Working data:
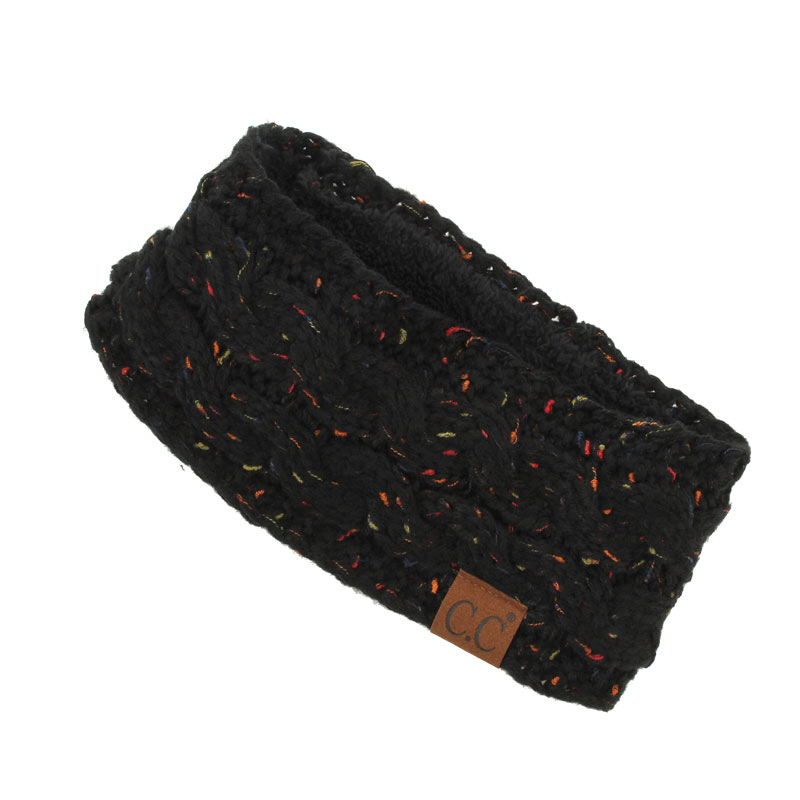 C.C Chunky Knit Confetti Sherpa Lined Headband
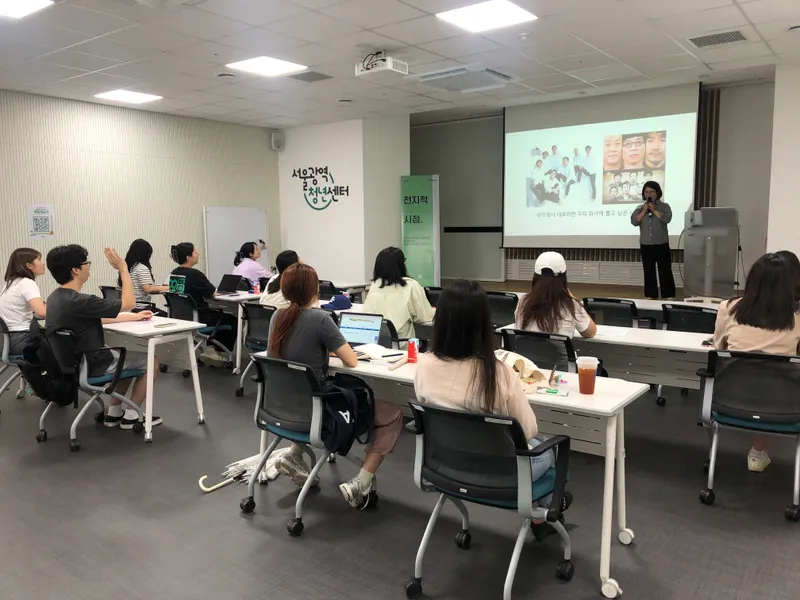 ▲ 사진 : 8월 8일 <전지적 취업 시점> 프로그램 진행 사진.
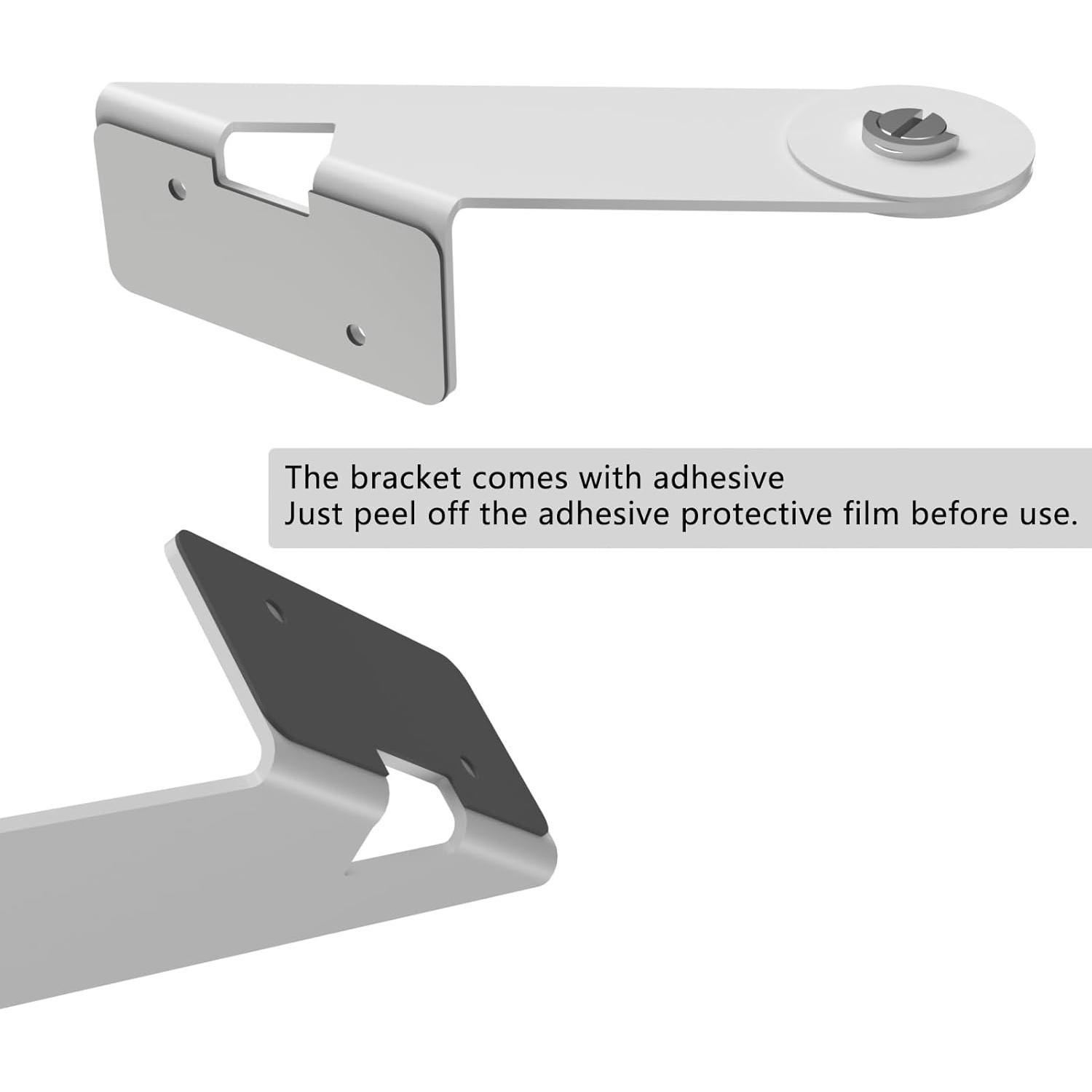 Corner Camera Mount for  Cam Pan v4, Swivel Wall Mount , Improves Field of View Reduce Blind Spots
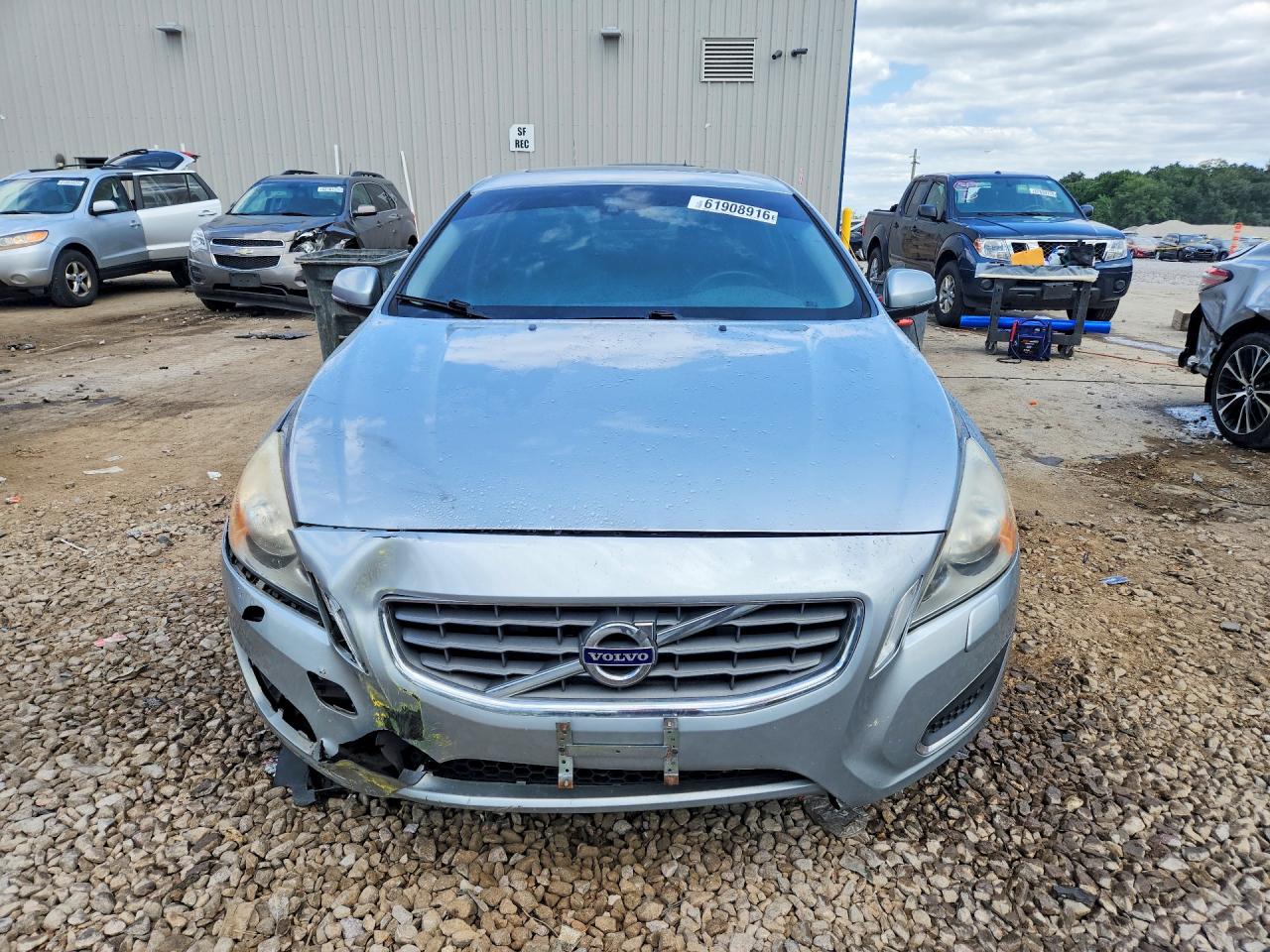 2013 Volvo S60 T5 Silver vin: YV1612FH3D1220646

---

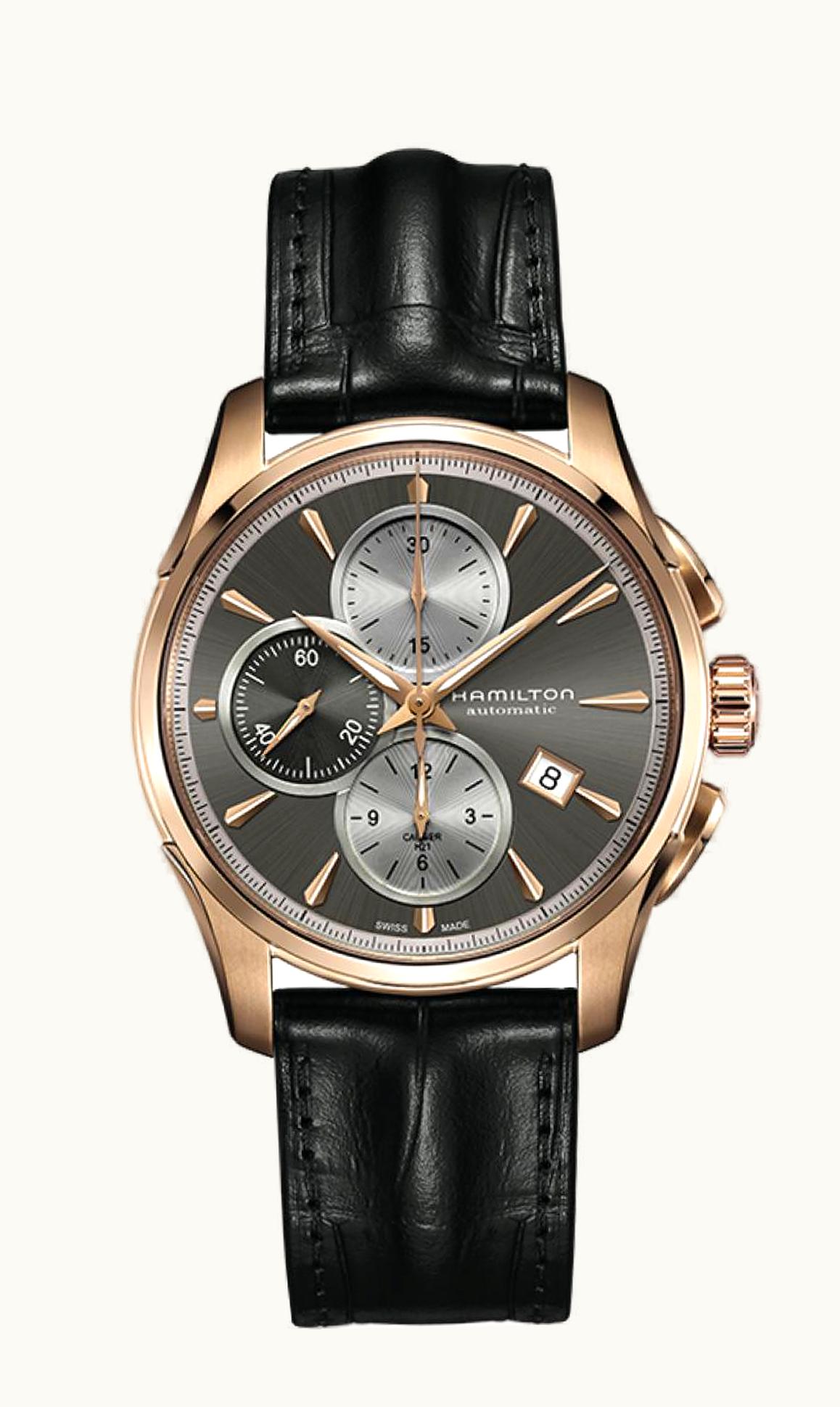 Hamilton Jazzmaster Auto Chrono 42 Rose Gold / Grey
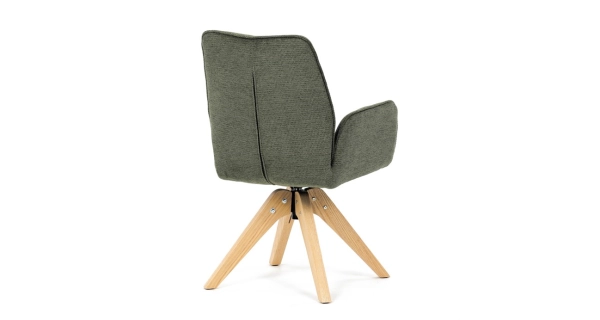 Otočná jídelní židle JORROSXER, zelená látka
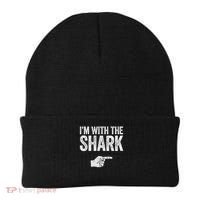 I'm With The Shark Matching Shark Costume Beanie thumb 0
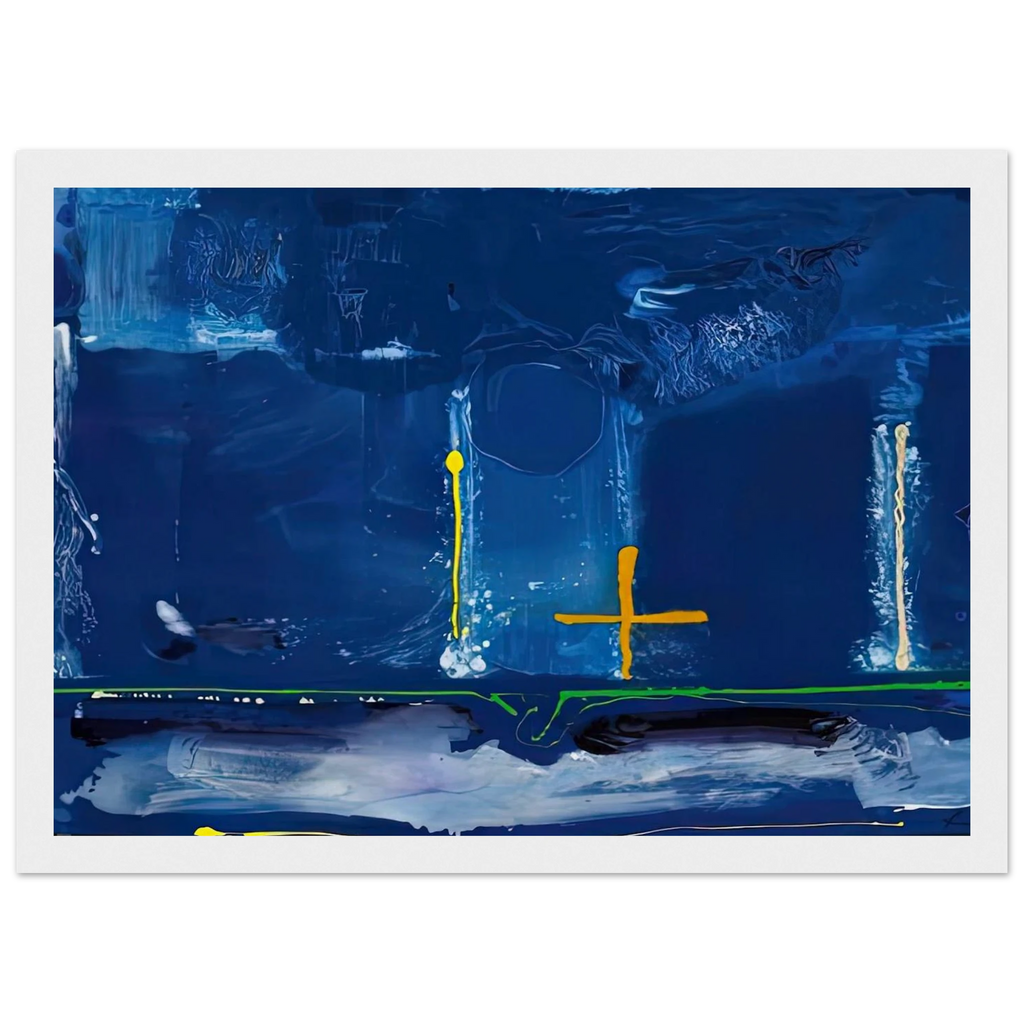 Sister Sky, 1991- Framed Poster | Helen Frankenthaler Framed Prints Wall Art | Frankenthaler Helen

--

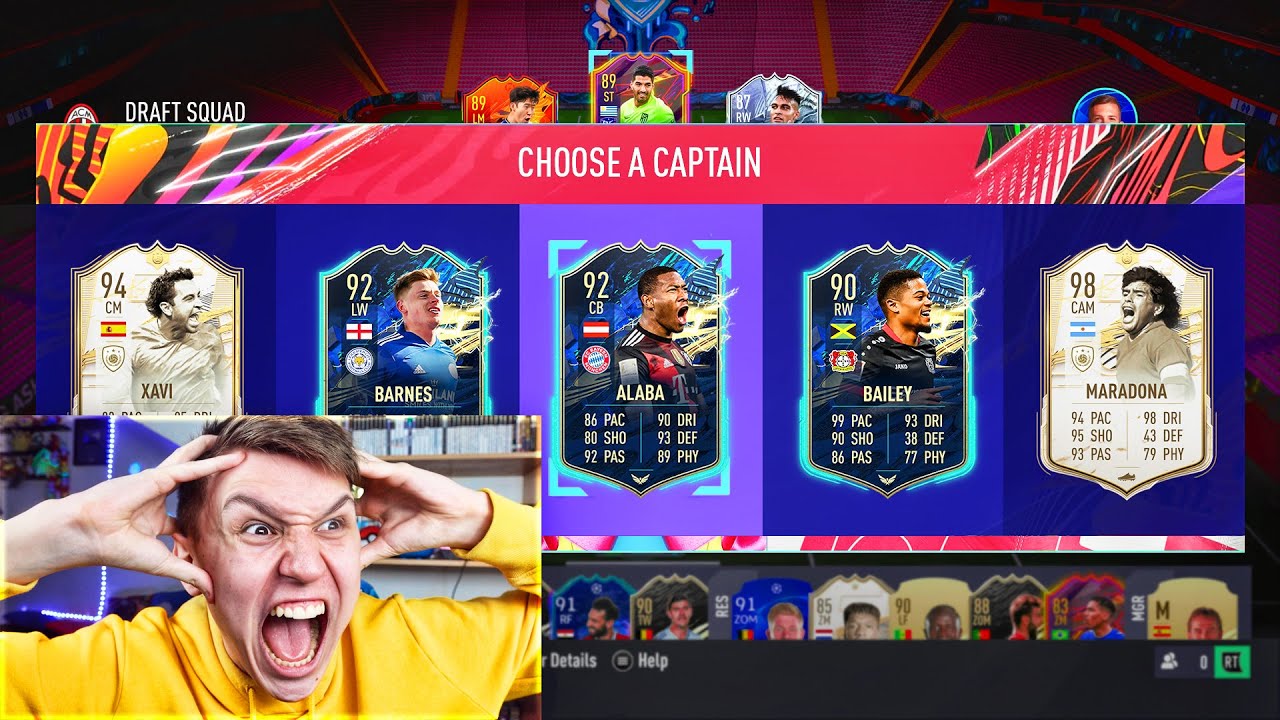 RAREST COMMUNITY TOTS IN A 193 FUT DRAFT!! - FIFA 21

What to produce: Pictures aside, return exactly the lines from the data above, starting at the line that has "Hamilton Jazzmaster Auto" and ending at the line that has "Sister Sky, 1991- Framed", both included.

Completed task:
 Hamilton Jazzmaster Auto Chrono 42 Rose Gold / Grey
 Otočná jídelní židle JORROSXER, zelená látka
 I'm With The Shark Matching Shark Costume Beanie thumb 0
 Sister Sky, 1991- Framed Poster | Helen Frankenthaler Framed Prints Wall Art | Frankenthaler Helen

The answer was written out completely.